== Material shown ==

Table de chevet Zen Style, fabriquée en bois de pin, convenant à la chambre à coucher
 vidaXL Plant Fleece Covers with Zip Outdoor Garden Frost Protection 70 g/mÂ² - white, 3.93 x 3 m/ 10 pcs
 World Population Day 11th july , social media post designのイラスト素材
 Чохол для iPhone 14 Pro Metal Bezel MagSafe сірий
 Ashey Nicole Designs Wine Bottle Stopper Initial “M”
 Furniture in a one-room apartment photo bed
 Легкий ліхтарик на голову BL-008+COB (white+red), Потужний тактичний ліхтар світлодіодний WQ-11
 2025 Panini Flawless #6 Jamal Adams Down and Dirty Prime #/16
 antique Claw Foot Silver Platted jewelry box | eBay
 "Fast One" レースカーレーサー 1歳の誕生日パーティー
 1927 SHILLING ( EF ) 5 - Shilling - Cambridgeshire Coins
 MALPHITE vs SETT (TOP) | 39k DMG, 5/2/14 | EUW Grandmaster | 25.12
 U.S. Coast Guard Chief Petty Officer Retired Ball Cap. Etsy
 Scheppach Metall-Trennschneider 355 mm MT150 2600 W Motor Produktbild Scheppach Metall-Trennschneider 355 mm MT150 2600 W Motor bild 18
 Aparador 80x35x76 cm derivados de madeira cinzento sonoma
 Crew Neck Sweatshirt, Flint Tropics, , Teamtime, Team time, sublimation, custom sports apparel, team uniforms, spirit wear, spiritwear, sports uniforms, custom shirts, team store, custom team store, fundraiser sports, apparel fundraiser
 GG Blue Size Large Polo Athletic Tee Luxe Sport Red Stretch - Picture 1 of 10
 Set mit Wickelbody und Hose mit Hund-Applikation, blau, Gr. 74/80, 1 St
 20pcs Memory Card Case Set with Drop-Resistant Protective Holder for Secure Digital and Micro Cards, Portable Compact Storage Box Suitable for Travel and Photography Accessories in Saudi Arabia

===

§ **Required work**: Look back at the entries above. Retype the line with "Furniture in a one-room apartment photo bed", the line with "Set mit Wickelbody", and all lines in between.

§ **The answer**:
 Furniture in a one-room apartment photo bed
 Легкий ліхтарик на голову BL-008+COB (white+red), Потужний тактичний ліхтар світлодіодний WQ-11
 2025 Panini Flawless #6 Jamal Adams Down and Dirty Prime #/16
 antique Claw Foot Silver Platted jewelry box | eBay
 "Fast One" レースカーレーサー 1歳の誕生日パーティー
 1927 SHILLING ( EF ) 5 - Shilling - Cambridgeshire Coins
 MALPHITE vs SETT (TOP) | 39k DMG, 5/2/14 | EUW Grandmaster | 25.12
 U.S. Coast Guard Chief Petty Officer Retired Ball Cap. Etsy
 Scheppach Metall-Trennschneider 355 mm MT150 2600 W Motor Produktbild Scheppach Metall-Trennschneider 355 mm MT150 2600 W Motor bild 18
 Aparador 80x35x76 cm derivados de madeira cinzento sonoma
 Crew Neck Sweatshirt, Flint Tropics, , Teamtime, Team time, sublimation, custom sports apparel, team uniforms, spirit wear, spiritwear, sports uniforms, custom shirts, team store, custom team store, fundraiser sports, apparel fundraiser
 GG Blue Size Large Polo Athletic Tee Luxe Sport Red Stretch - Picture 1 of 10
 Set mit Wickelbody und Hose mit Hund-Applikation, blau, Gr. 74/80, 1 St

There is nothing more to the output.